**Task goal**
Would you print the records below word for word, without the pictures?

**Data for processing**
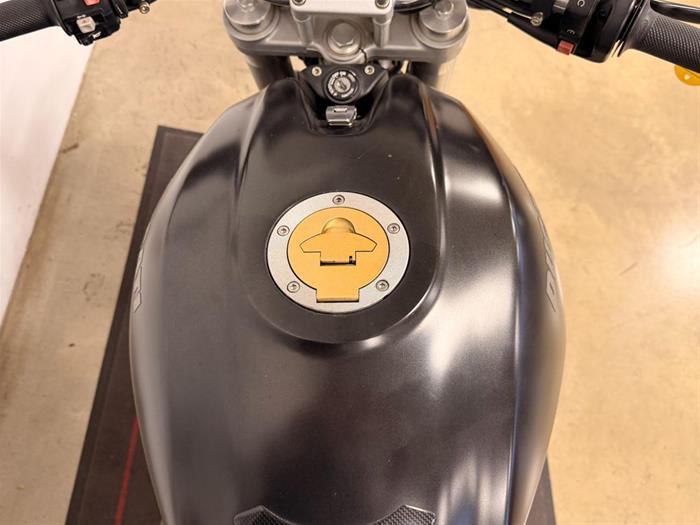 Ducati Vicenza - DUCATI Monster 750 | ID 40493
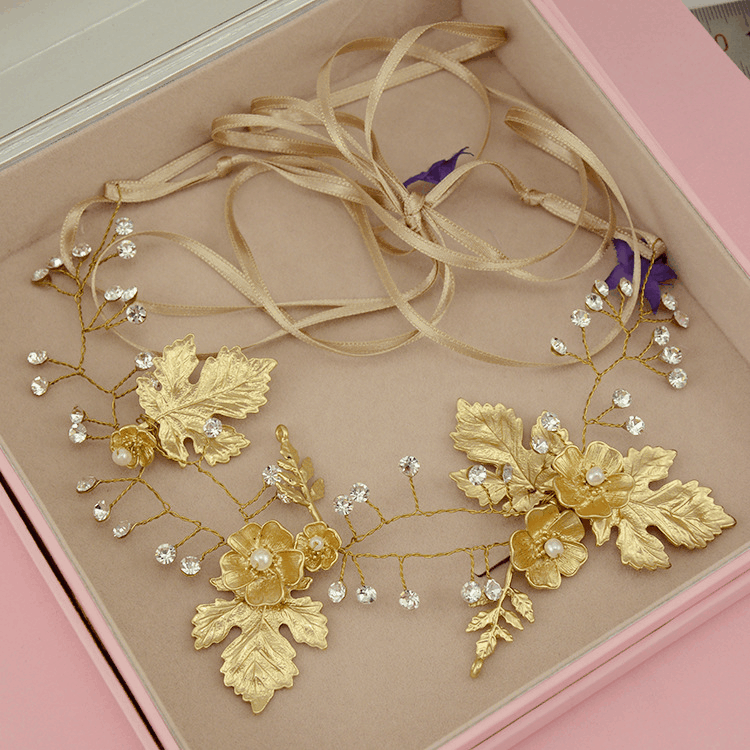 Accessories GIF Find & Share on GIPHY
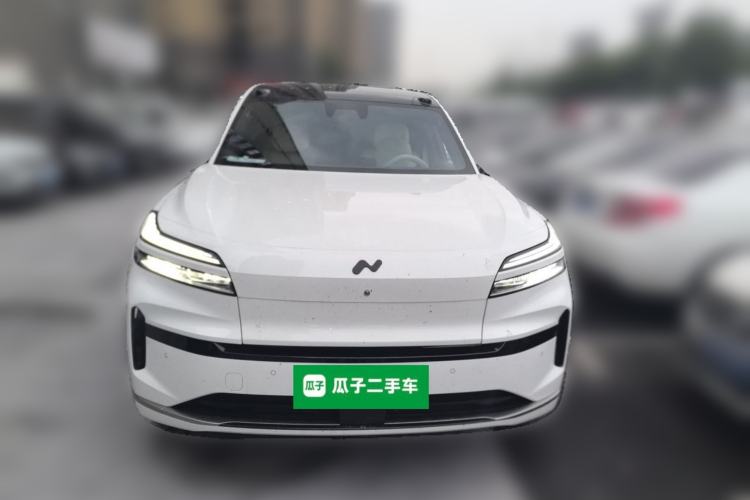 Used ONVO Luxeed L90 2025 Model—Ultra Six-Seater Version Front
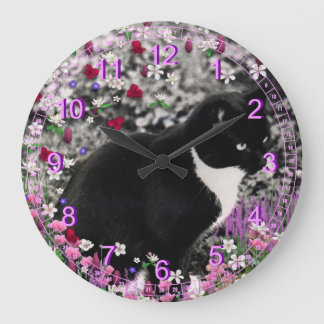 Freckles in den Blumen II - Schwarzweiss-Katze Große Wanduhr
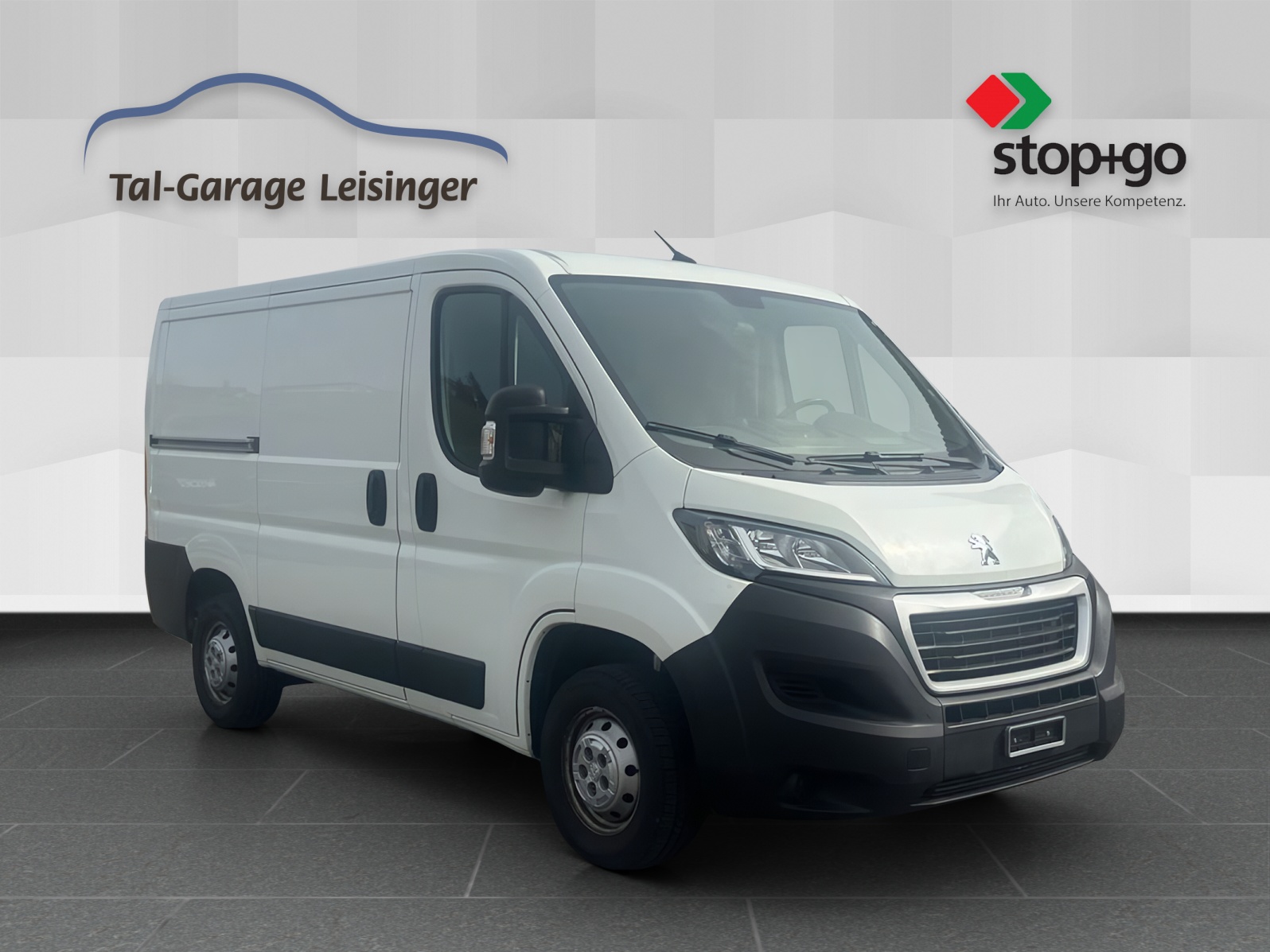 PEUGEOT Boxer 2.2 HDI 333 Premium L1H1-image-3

**Written response**
 Ducati Vicenza - DUCATI Monster 750 | ID 40493
 Accessories GIF Find & Share on GIPHY
 Used ONVO Luxeed L90 2025 Model—Ultra Six-Seater Version Front
 Freckles in den Blumen II - Schwarzweiss-Katze Große Wanduhr
 PEUGEOT Boxer 2.2 HDI 333 Premium L1H1-image-3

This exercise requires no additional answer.